- Original language: English
- Written by: George S. Kaufman and Moss Hart
- Subject: United States history
- Genre: Spectacle
- Setting: Ellis Island, 1896; Small American Town

Premiere
- Date: January 21, 1939
- Place: Center Theatre (New York City)

= The American Way (play) =

1939 play by George S. Kaufman and Moss Hart

The American Way is a play by American playwrights George S. Kaufman and Moss Hart.

== Production ==
The original Broadway production of The American Way opened at the Center Theatre on January 21, 1939, in a production produced by Sam H. Harris and Max Gordon. It was directed by Kaufman and designed by Donald Oenslager (sets), Irene Sharaff (costumes), and Hassard Short (lights).

Husband and wife actors Fredric March and Florence Eldridge starred as Martin and Irma Gunther. Dick Van Patten had a role as Martin's grandson, Karl, at age 9; David Wayne played an adult version of the same character.
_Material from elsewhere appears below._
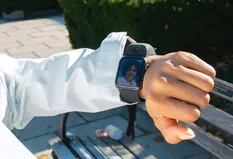 Como Dick Tracy: así es Wristcam, la correa con cámaras para el Apple Watch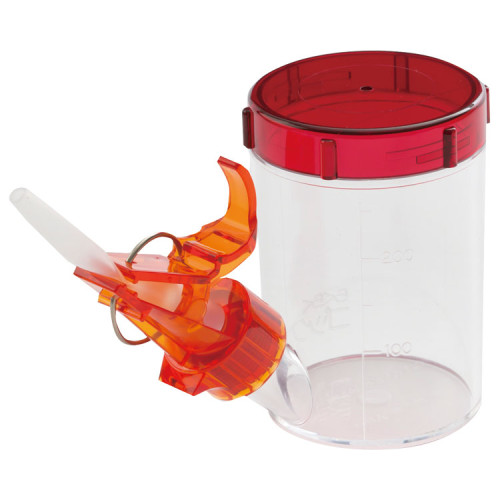 라쿠라쿠 식기 국 차용 전용컵 수량 조절기 부착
This production made Scott McKay's debut in appearing in Broadway plays.

The American Way closed in June 1939, after 164 performances, and reopened July 17, playing for an additional 80 performances before closing permanently on September 23, 1939.

== Critical response ==
In his review for The New York Times, Brooks Atkinson called The American Way "a wide, handsome, densely populated cavalcade of American lore and democratic philosophy." He admitted that "it has some leaden moments, particularly in the second act, when the material is a little flimsy and the story-telling less firmly directed," but concluded that the play "shines like a good deed in a naughty world and also like a handsomely bedizened show."

The unsigned Variety review described the play as "a patriotic display that's stirring if taken in the mood of its writing," and said that it "belongs and will likely be an extra attraction for the World's Fair crowds."